BEGIN STORED DATA

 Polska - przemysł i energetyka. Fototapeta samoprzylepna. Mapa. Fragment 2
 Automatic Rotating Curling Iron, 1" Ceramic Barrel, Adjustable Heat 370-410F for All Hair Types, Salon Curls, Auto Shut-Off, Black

END STORED DATA
BEGIN STORED DATA

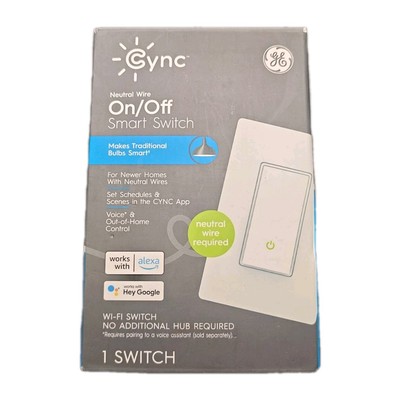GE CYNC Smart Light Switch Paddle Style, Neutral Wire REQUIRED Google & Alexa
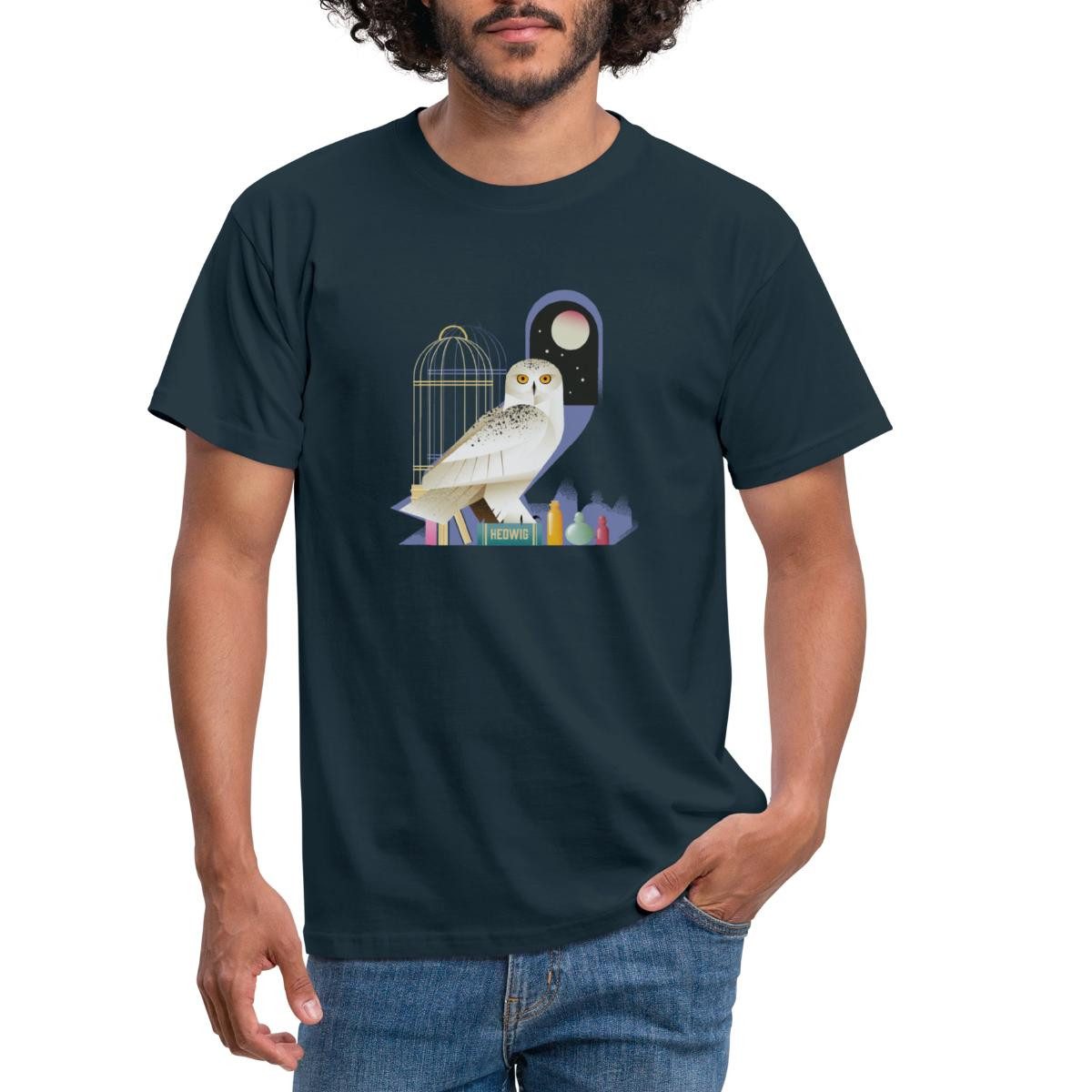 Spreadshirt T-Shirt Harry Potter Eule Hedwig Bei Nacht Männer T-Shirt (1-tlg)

END STORED DATA

HOW TO COMPLETE THIS TASK:
Among the records above, extract exactly the lines from the line with "Polska - przemysł" to the line with "Automatic Rotating Curling", both lines included, and leave out the rest.

RESPONSE TO THIS TASK:
 Polska - przemysł i energetyka. Fototapeta samoprzylepna. Mapa. Fragment 2
 Automatic Rotating Curling Iron, 1" Ceramic Barrel, Adjustable Heat 370-410F for All Hair Types, Salon Curls, Auto Shut-Off, Black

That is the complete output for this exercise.